Any images in the material are to be dropped while every line is retyped exactly.

• _PROVIDED MATERIAL_
----

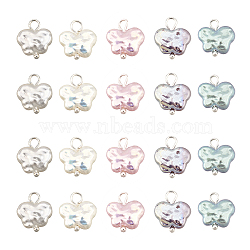 20Pcs 5 Colors ABS Plastic Imitation Pearl Pendants, AB Color Plated,  with Brass Findings, Butterfly, Mixed Color, 14.5x12x2.5mm, Hole: 2mm, 4pcs/color(OACR-AR0001-13)
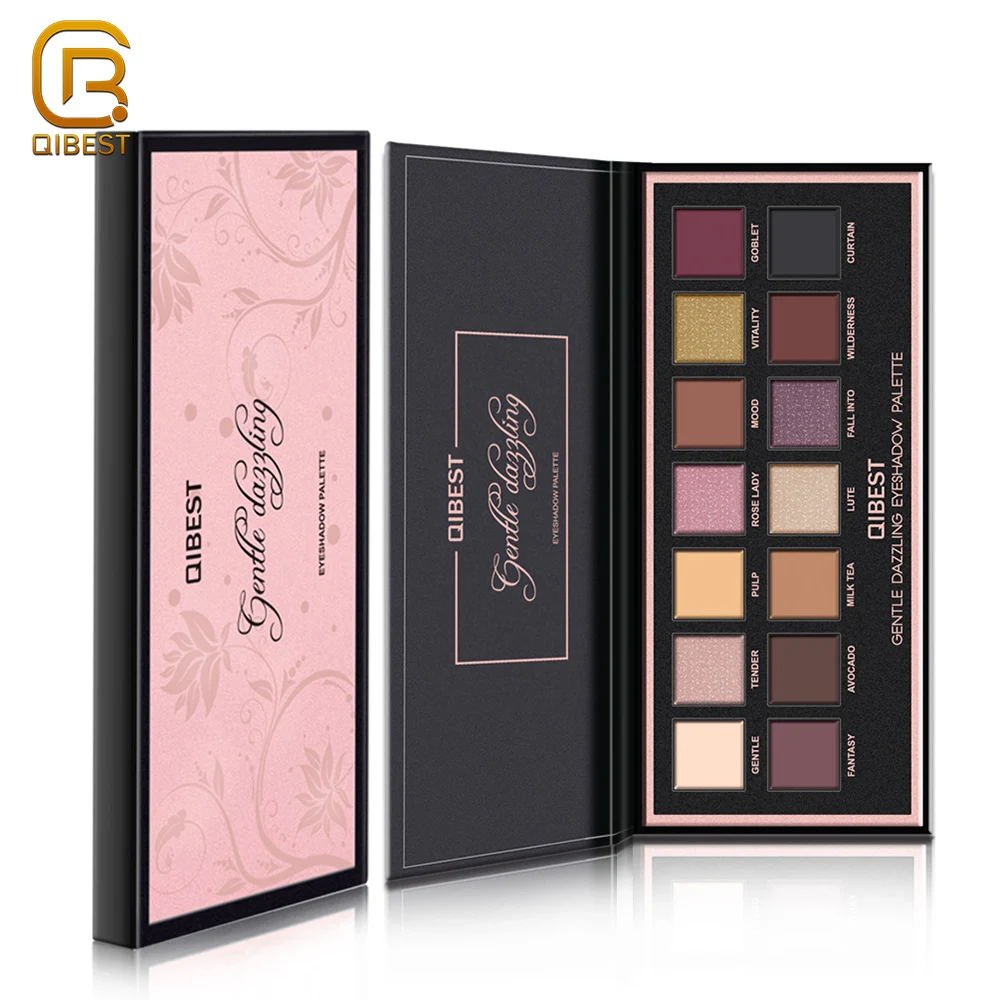 

QIBEST 14 Color Fashion Gold Warm Eye Shadow Cosmetic High Pigment Eyeshadow Palette, Multicolors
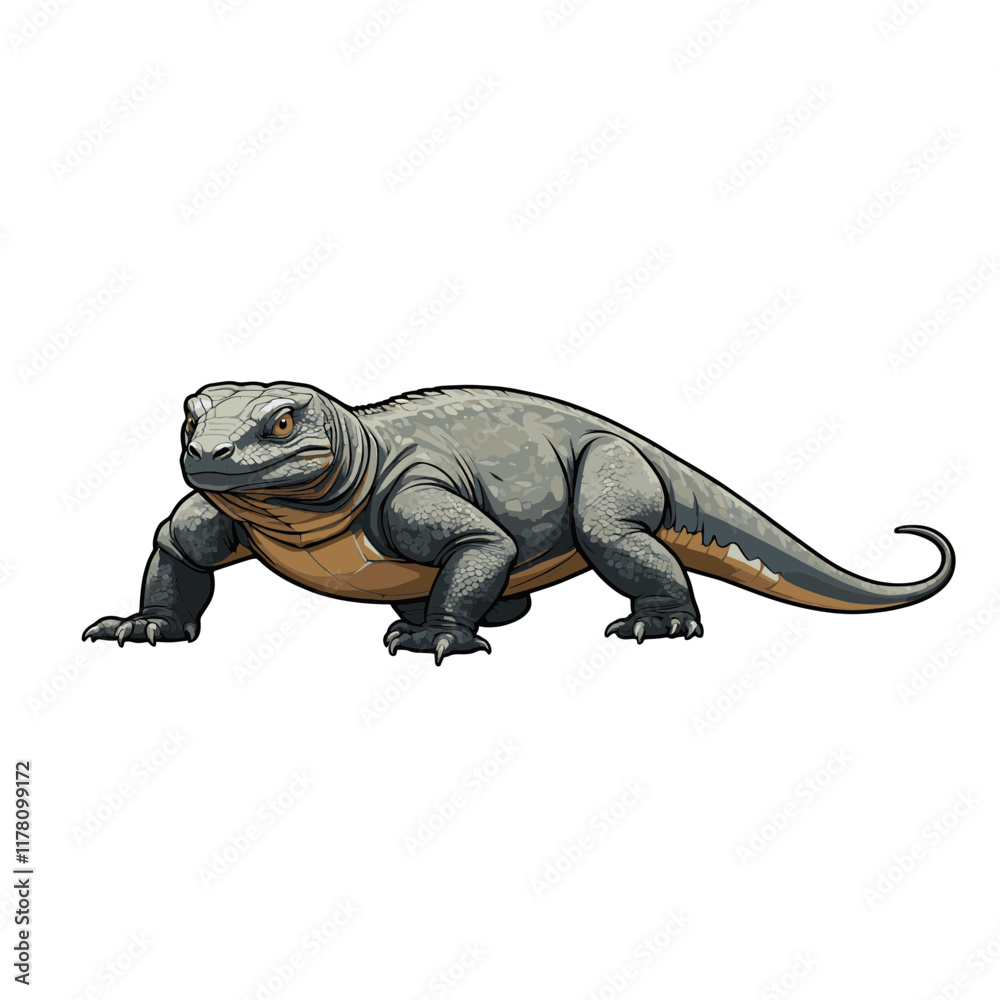 Fototapeta premium Detailed depiction of a Komodo Dragon in a natural setting, showcasing the unique physical features and posture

----

• _RESULT_
 20Pcs 5 Colors ABS Plastic Imitation Pearl Pendants, AB Color Plated,  with Brass Findings, Butterfly, Mixed Color, 14.5x12x2.5mm, Hole: 2mm, 4pcs/color(OACR-AR0001-13)

QIBEST 14 Color Fashion Gold Warm Eye Shadow Cosmetic High Pigment Eyeshadow Palette, Multicolors
 Fototapeta premium Detailed depiction of a Komodo Dragon in a natural setting, showcasing the unique physical features and posture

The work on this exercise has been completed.